Dr. Laurie Santos dalam kuliahnya di Yale menjelaskan bahwa setelah kebutuhan dasar terpenuhi, kenaikan pendapatan tidak terlalu meningkatkan kebahagiaan. Justru hal-hal sederhana seperti menghabiskan waktu dengan orang terdekat, berterima kasih (gratitude), melakukan aktivitas bermakna dan tidur cukup, adalah faktor yang sangat berkontribusi pada kesejahteraan psikologis. Dengan kata lain, kita bisa bahagia tanpa harus punya segalanya.

Bagaimana Cara Keluar dari Siklus Ini?

1. Tentukan Batasan Kerja dan Hidup

  • Belajar bilang “cukup”.

  • Matikan notifikasi kantor setelah jam kerja.

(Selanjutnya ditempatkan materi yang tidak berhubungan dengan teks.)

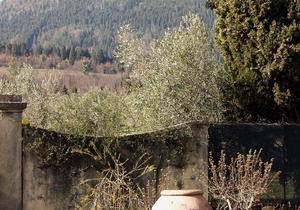 Florence Villa Sleeps 8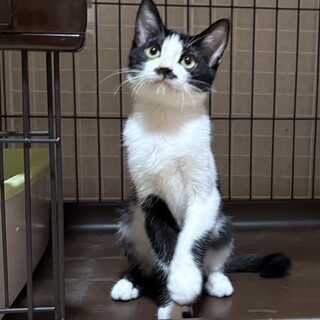 お米兄妹おヒゲ模様がキュートな甘えん坊ひなたまる♂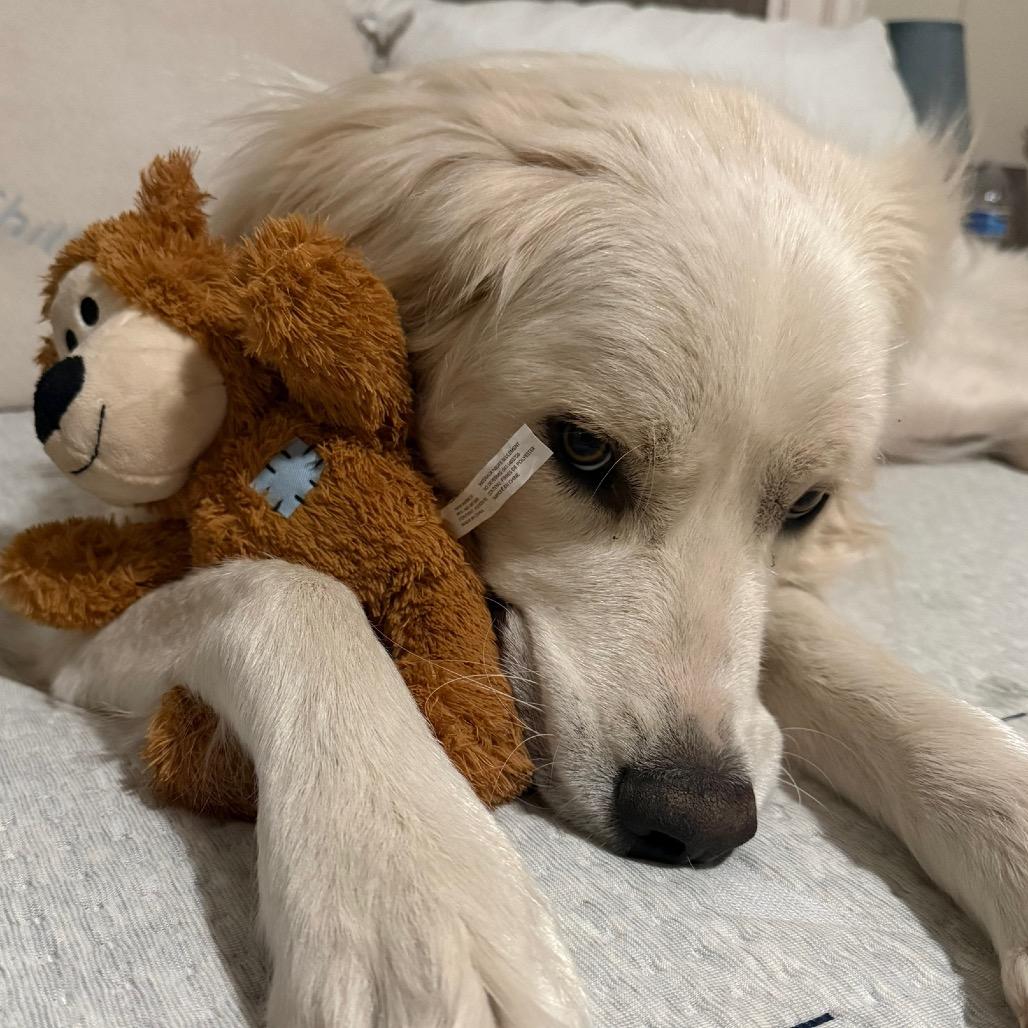 Enlarge Wrangler, a Adoptable Great Pyrenees in Midland, TX image 2/4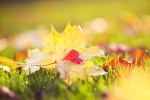 Autumn leaves pictures desktop wallpaper
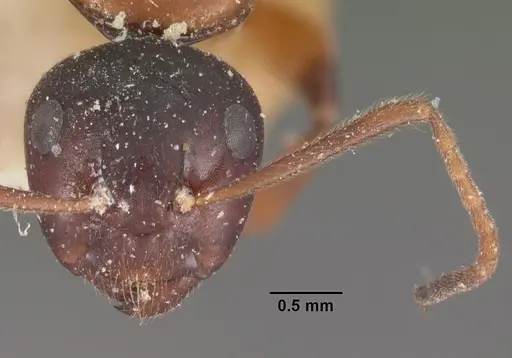 Camponotus putatus specimen CASENT0102416 image casent0102416_2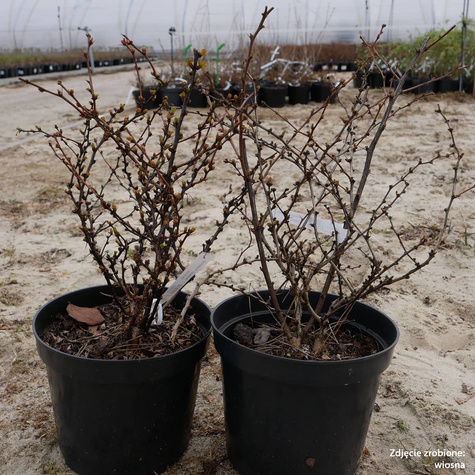 Berberys Thunberga Kelleris (C1.7)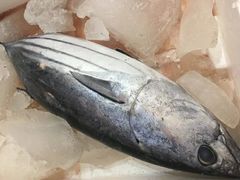 -鲍国演义(禅城店)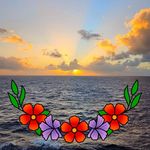 Nancy Manion Burt - @nleeburt - Instagram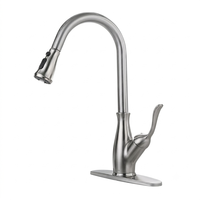 Robinet de cuisine monocommande à poser en acier inoxydable pour évier de bar, mitigeur multifonction avec pulvérisateur, eau chaude et froide, conception durable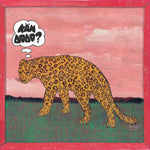 the album cover for Kandodo - Theendisinpsych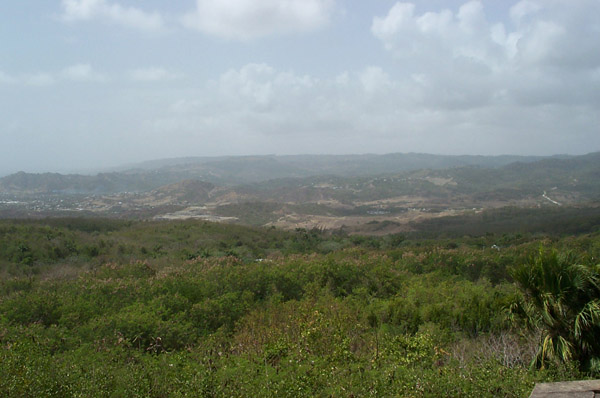 DCP_0977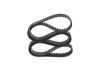 Timing Belt -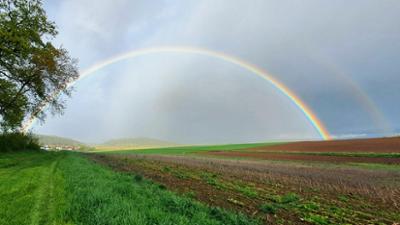 alle wetter!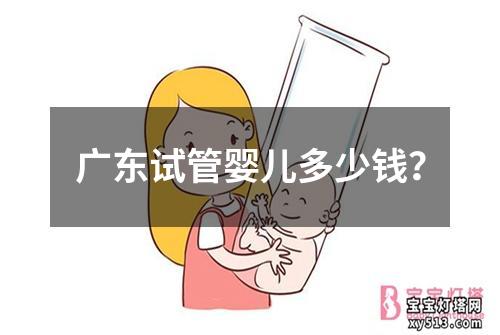 广东试管婴儿多少钱？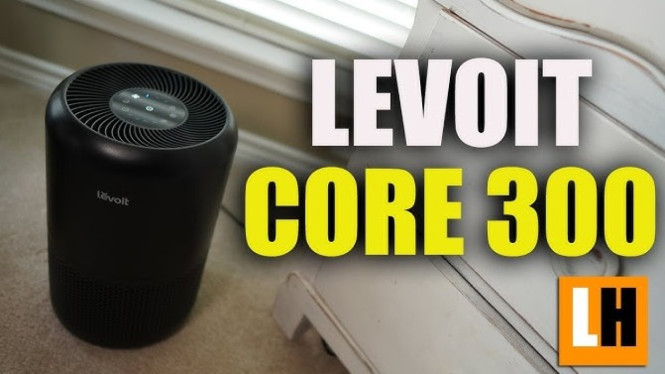 Levoit Core 300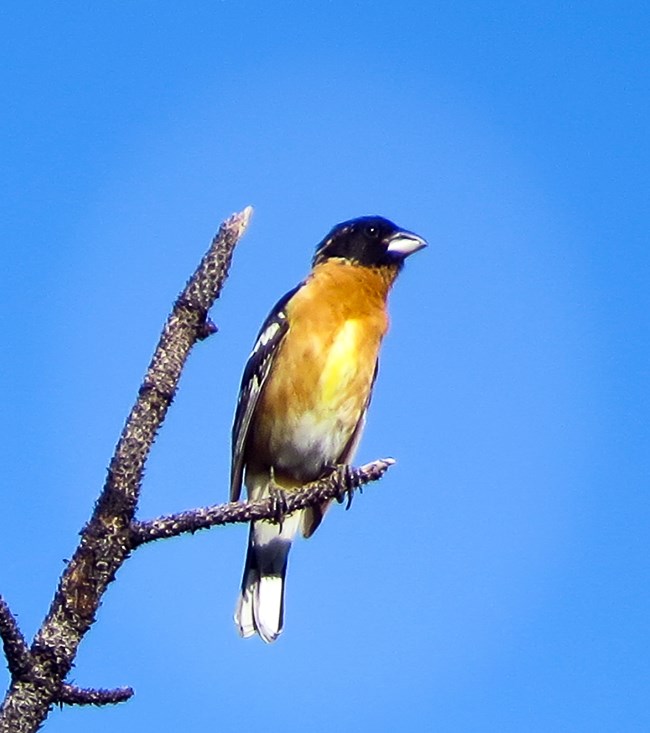 Black-headed Grosbeak perched on a branch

  • Jangan bawa laptop ke kamar tidur atau ruang makan.

2. Belajar Menikmati Waktu Luang

  • Baca buku, nonton film, berkebun, atau olahraga ringan tanpa rasa bersalah.

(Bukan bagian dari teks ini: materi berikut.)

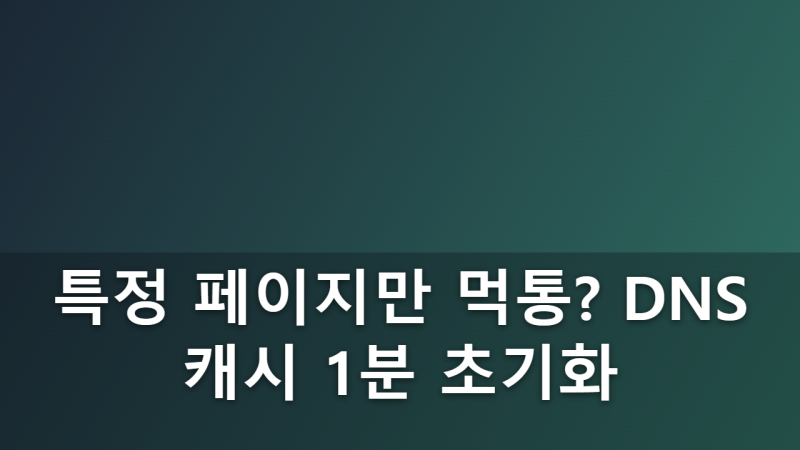 DNS 서버 변경 및 네트워크 어댑터 캐시 초기화에 관한 자주 묻는 질문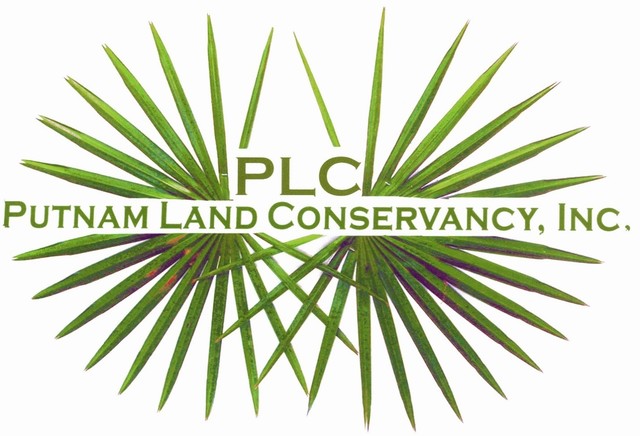 Big Logo PLC pictures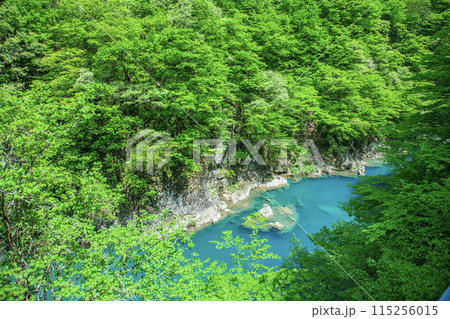 新緑の抱返り渓谷 115256015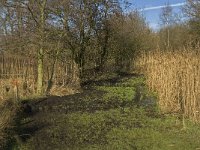 NL, Noord-Brabant, Geldrop, Gijzenrooische Zegge 9, Saxifraga-Jan van der Straaten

  • Lepaskan tekanan untuk selalu produktif.

3. Refleksi Tujuan Hidup

Tanyakan ulang pada diri sendiri:

  • Apakah hidupku hanya tentang target dan deadline?

  • Apakah aku sedang membangun hidup yang benar-benar aku inginkan?

4. Redefinisi Sukses

  • Sukses bukan cuma soal gaji tinggi atau jabatan keren.

  • Sukses juga berarti bisa tidur nyenyak tanpa cemas, punya waktu untuk anak-anak, bisa tertawa lepas bersama orang tersayang.

"Kita perlu mendefinisikan ulang sukses, bukan sekedar pencapaian tapi ketenangan batin dan hubungan yang bermakna,'" kata dia.

Kalau kamu sudah terlalu lama sibuk, mungkin ini waktunya untuk diam sejenak. Bukan menyerah, tapi kembali mengingat kenapa kamu bekerja sejak awal?